Portillo earned three medals at the 2024 Racquetball World Championships in San Antonio, Texas. He and Andree Parrilla were silver medalists in Men's Doubles, as they defeated Americans Adam Manilla and Sebastian Fernandez, 11–4, 2–11, 11–7, 12–10, in the semi-finals, but lost Canadians Coby Iwaasa and Samuel Murray in the final, 11–5, 6–11, 11–8, 4–11, 11–6. In Men's Singles, Portillo upset Bolivian Conrrado Moscoso in the quarterfinals, 11–7, 13–15, 11–8, 5–11, 11–6, but lost to American Jake Bredenbeck in the semi-finals, 11–8, 12–10, 14–12. He also helped Mexico to a bronze medal in the Men's Team event, as they defeated Guatemala in the quarterfinals, but lost to Canada in the semi-finals.

==Career summary==

Portillo has played on the International Racquetball Tour full time since the 2019–20 season, and has one win on tour. He's played for Mexico at the Pan American Games, World Championships, Central American and Caribbean Games, as well as the Pan American Championships.

===Career record===
This table lists Portillo's results across annual events.

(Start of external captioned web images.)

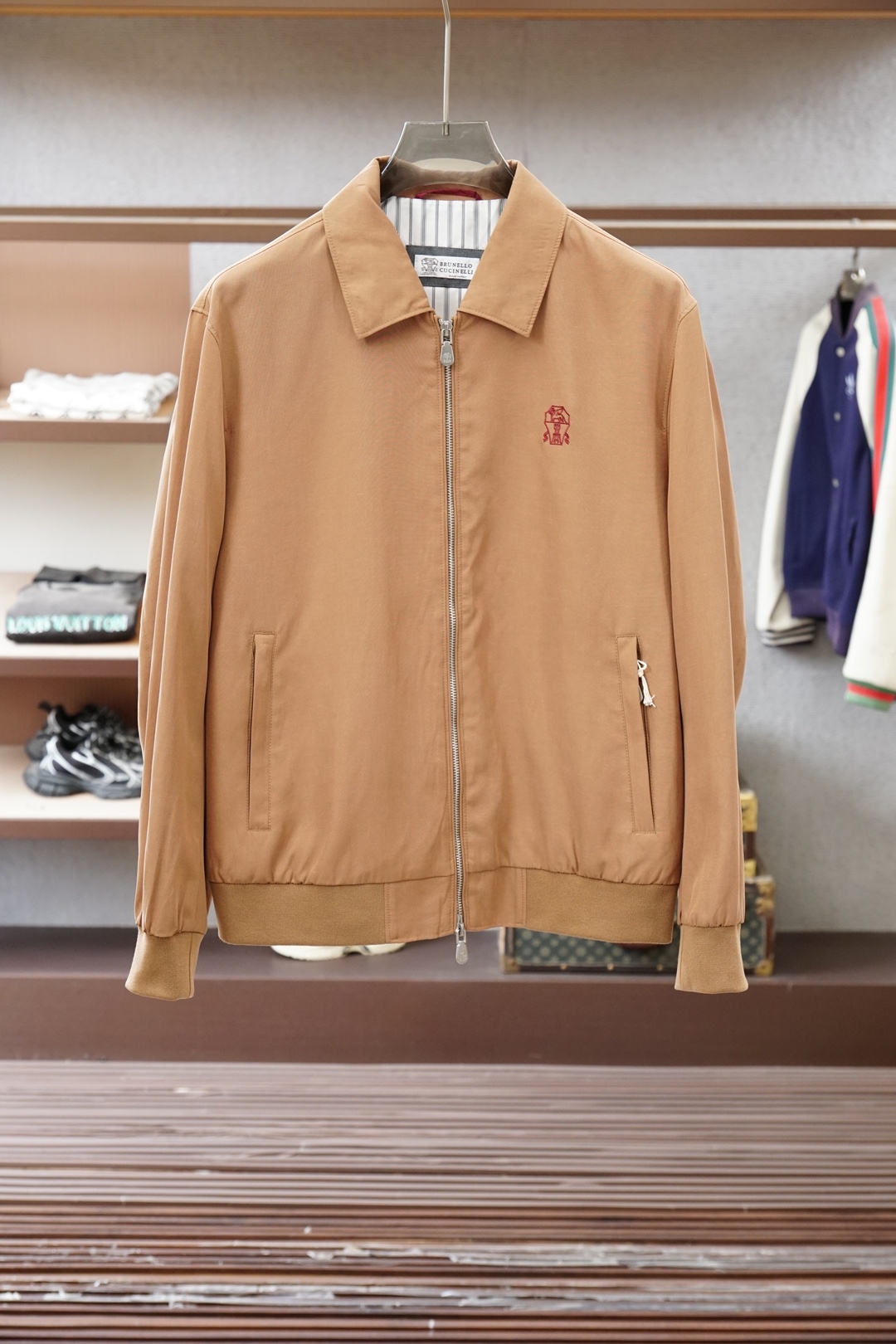 经典卡其色翻领夹克，简约大气，质感细腻。利落的拉链门襟搭配小标刺绣，低调不张扬，版型挺括显瘦。日常通勤、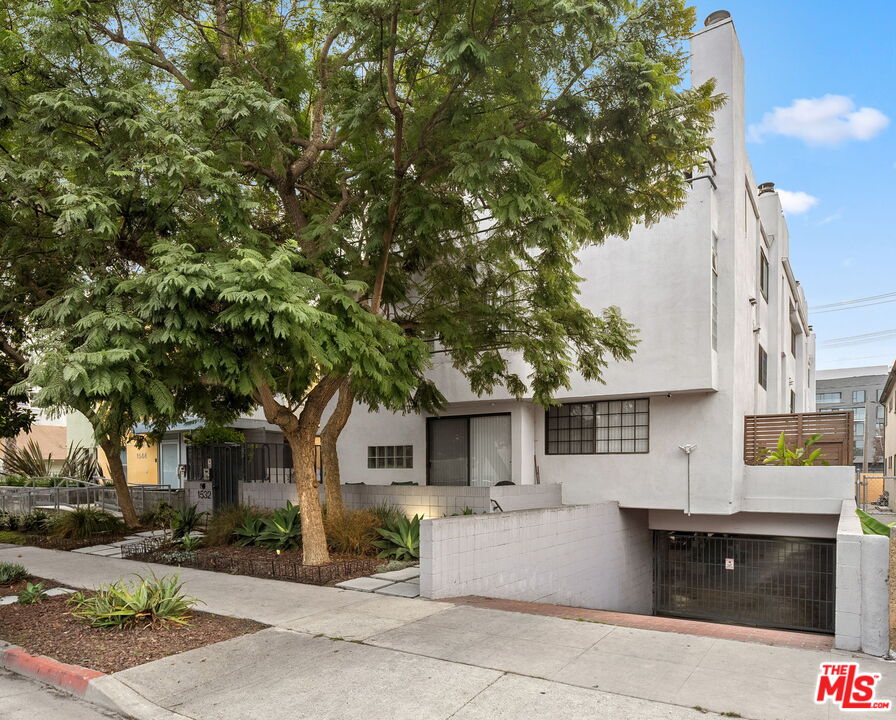 1532 9th St Unit: 2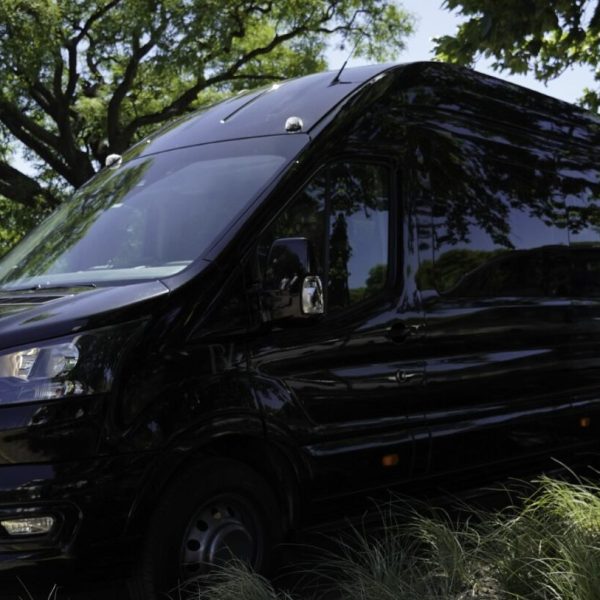 TRANSIT NEGRA EXTERIOR 2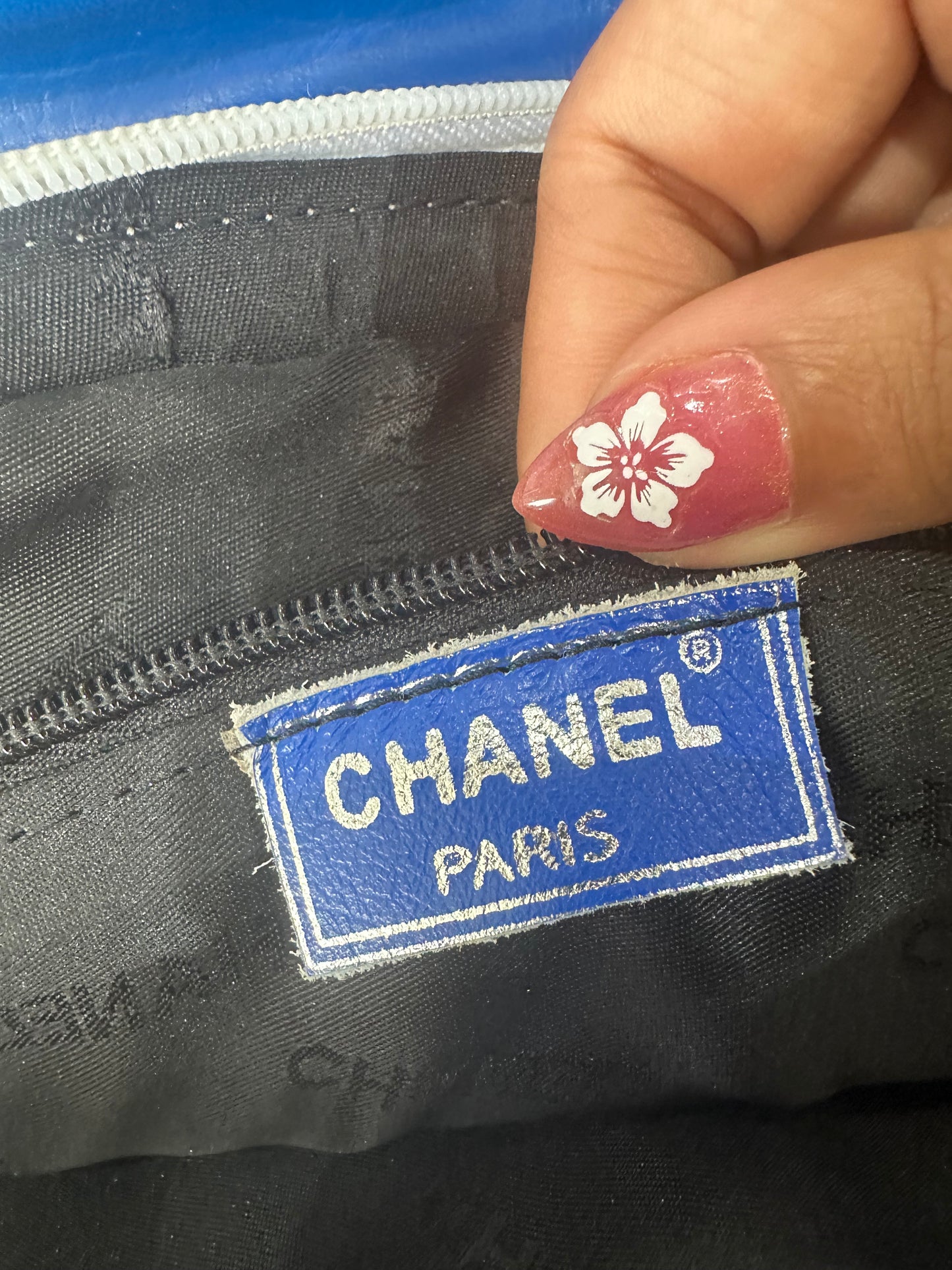 devil wears prada | blue and white chanel shoulder bag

| Event | 2017 | 2018 | 2019 | 2020 | 2021 | 2022 | 2023 | 2024 |
| US Open | 32 | - | 16 | P | QF | QF | - | - |
US Open Doubles
| IRT Ranking |  | 42 | 17 | 8 | 5 | 4 | 7 |  |

Note: W = winner, F = finalist, SF = semi-finalist, QF = quarterfinalist, 16 = Round of 16. P = Cancellation due to COVID-19 pandemic.